### EXERCISE AIM
Only the opening lines of the listing, through the one with "Семейный номер Standard", are to be retyped, each exactly as it stands.
□ □ □ □ □ □ □
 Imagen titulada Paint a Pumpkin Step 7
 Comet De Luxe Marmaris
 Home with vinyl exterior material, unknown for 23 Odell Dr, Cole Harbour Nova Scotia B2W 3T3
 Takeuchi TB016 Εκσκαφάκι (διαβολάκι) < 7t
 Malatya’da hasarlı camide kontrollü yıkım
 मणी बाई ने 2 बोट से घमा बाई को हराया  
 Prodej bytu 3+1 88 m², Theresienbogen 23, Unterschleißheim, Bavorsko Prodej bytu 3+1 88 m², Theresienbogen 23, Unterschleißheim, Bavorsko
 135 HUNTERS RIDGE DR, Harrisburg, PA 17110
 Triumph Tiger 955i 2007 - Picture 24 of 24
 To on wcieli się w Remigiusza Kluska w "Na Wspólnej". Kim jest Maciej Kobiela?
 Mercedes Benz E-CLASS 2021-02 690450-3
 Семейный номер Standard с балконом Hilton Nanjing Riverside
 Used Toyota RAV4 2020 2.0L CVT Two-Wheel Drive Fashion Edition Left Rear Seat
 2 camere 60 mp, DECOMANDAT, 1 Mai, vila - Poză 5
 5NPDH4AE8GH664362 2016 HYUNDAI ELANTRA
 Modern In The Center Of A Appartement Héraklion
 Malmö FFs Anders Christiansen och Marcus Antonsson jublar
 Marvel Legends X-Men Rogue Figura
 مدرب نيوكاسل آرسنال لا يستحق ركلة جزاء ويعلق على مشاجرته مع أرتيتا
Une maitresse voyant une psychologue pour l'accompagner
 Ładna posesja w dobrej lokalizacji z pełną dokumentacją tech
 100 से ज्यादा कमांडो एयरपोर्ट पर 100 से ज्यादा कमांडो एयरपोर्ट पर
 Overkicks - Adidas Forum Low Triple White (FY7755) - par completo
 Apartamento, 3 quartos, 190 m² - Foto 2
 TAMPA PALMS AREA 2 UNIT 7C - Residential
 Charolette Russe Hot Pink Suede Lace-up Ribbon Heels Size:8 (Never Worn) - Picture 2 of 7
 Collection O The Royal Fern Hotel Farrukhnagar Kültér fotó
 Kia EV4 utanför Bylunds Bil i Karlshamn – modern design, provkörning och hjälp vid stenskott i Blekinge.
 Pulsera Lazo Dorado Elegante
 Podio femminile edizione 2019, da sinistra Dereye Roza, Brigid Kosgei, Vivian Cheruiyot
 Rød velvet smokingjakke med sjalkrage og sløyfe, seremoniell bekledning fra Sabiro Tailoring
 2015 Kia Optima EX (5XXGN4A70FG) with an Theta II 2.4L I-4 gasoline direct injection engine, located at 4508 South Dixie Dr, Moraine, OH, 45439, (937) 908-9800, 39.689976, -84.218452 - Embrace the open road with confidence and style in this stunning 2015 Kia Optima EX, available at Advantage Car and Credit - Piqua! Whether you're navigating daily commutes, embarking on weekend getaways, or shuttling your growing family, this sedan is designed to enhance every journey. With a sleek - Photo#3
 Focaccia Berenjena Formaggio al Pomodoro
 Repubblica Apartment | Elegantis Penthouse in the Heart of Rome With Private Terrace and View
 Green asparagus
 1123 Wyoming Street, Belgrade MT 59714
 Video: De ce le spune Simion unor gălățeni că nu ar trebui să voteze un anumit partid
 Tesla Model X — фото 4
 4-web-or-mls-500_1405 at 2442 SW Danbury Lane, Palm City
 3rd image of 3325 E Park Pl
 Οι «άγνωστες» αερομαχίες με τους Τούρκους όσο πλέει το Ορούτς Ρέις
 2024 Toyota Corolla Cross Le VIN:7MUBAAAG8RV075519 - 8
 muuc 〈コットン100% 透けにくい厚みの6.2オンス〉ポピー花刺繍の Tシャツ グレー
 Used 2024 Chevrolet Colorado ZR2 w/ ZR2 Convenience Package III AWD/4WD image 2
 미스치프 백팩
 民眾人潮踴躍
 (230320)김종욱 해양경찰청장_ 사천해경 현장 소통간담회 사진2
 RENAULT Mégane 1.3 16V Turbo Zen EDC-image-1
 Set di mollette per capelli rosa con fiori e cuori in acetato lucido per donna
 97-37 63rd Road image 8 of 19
□ □ □ □ □ □ □
### FINISHED EXERCISE
 Imagen titulada Paint a Pumpkin Step 7
 Comet De Luxe Marmaris
 Home with vinyl exterior material, unknown for 23 Odell Dr, Cole Harbour Nova Scotia B2W 3T3
 Takeuchi TB016 Εκσκαφάκι (διαβολάκι) < 7t
 Malatya’da hasarlı camide kontrollü yıkım
 मणी बाई ने 2 बोट से घमा बाई को हराया  
 Prodej bytu 3+1 88 m², Theresienbogen 23, Unterschleißheim, Bavorsko Prodej bytu 3+1 88 m², Theresienbogen 23, Unterschleißheim, Bavorsko
 135 HUNTERS RIDGE DR, Harrisburg, PA 17110
 Triumph Tiger 955i 2007 - Picture 24 of 24
 To on wcieli się w Remigiusza Kluska w "Na Wspólnej". Kim jest Maciej Kobiela?
 Mercedes Benz E-CLASS 2021-02 690450-3
 Семейный номер Standard с балконом Hilton Nanjing Riverside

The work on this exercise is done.